Quand le conflit éclate en 1954, la Section photographique et Cinématographique des Armées (SCA) est sous-dimensionnée à Alger, et il faut faire venir des gens d’autres sections, notamment d’Allemagne. Comme il s’agit d’un service « aux ordres », la SCA n’a aucune indépendance, et les photographes et les opérateurs s’auto-censurent ou répondent à des commandes : films de propagande/communication, films servant de formation aux futures soldats, films montrant des « actions psychologiques », c’est à dire de grands rassemblements de foules algériennes venues écouter le discours officiel. Ce qui est intéressant, et en même temps tout à fait compréhensible au vu du contexte, c’est que la SCA va évoluer, avec trois périodes distinctes : de 1954 à 1956 il est un peu sans véritable contrôle, et montre, entre autre, des soldats abattus. La seconde période va bannir les morts français des photos et des films, avec une valorisation de l’action de l’armée, à la fois du point de vue militaire mais aussi du point de vue culturel et, pour reprendre les termes d’un des films, « Le Képi Bleu », « civilisationnel ». En regardant ces films tournés par de bons opérateurs, avec une musique très marquée années 50-60, on a parfois l’impression de se retrouver dans une sorte de Ben-Hur moderne, les centurions romains étant remplacés par les officiers du SAS. A partir de 1959 la SCA prépare l’opinion à la perte de l’Algérie, avec des vues de plus en plus techniques et éloignées du sujet, sur le thème « gagner la guerre pour préparer la paix », en obtenant, notamment, le maintien jusqu’en 1965 des bases sahariennes comme le montre un autre film de la SCA, mais où l’Algérie n’est plus du tout représentée comme une partie de la France, mais comme un pays exotique et surprenant.

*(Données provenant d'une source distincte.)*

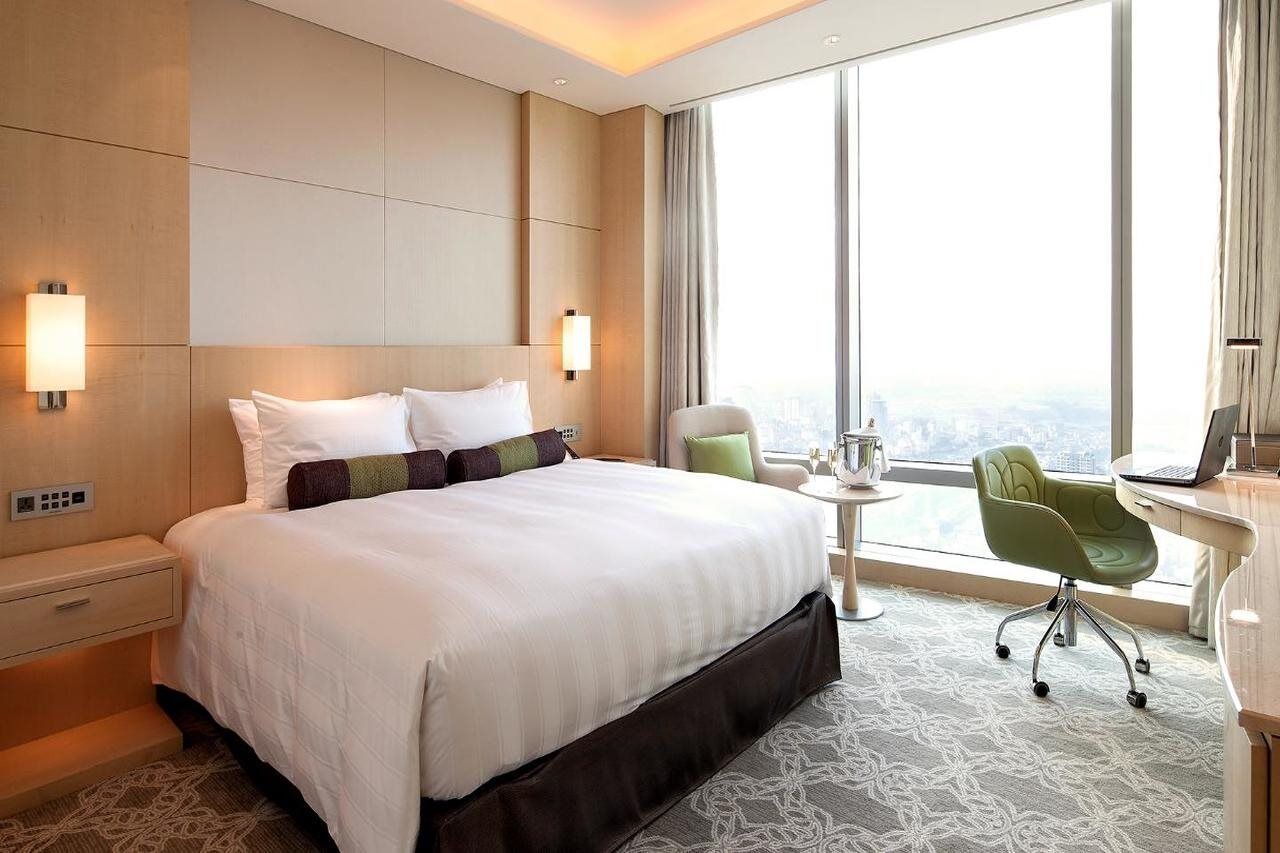 Lotte Hotel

En dehors des photos et des films de la SCA, l’ECPAD possède aussi des photos issues de fonds privés. En cette période de croissance économique, de nombreux soldats avaient pu acquérir des appareils photos de type Kodak Rétinette ou Foca Universel. Bien qu’en théorie interdites, les prises de vues étaient en pratiques autorisées par les commandants d’unité, en particulier parce que le public visé était restreint. Ces fonds privés sont intéressants parce que chacun montre une réalité de la guerre : forte empathie avec les commandos pour certains (fond Flament), identification de cadavres pour d’autres, vie quotidienne et actions psychologique pour le fond Roudeau ou encore vision très empathique avec les populations algériennes, à l’image du fond Mestrallet, un instituteur militaire, en diamétrale opposition avec le fond Flament.

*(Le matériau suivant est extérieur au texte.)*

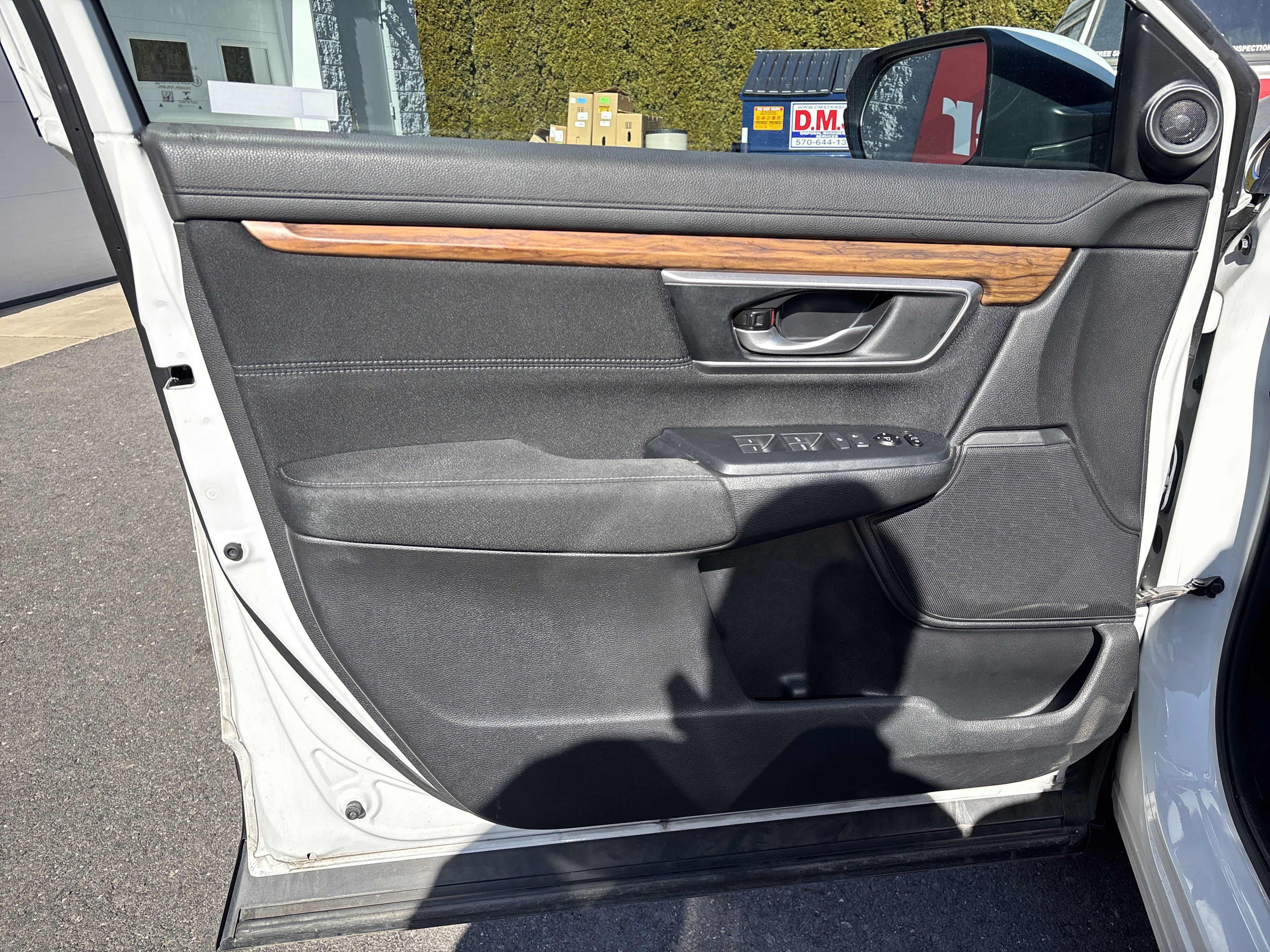 Used 2020 Honda CR-V EX image 16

L’ensemble de ces images et de ces films, disponibles notamment dans l’espace édutec ou dans la fresque INA sur la guerre d’Algérie permettent de poser un regard diversifié sur le conflit, qui peut arriver en complément des films d’auteurs comme « L’Ennemi Intime » ou « Loin des Hommes ». On aura juste pu regretter quelques flottements dans la mise en place des films, qui n étaient pas téléchargés à l’avance.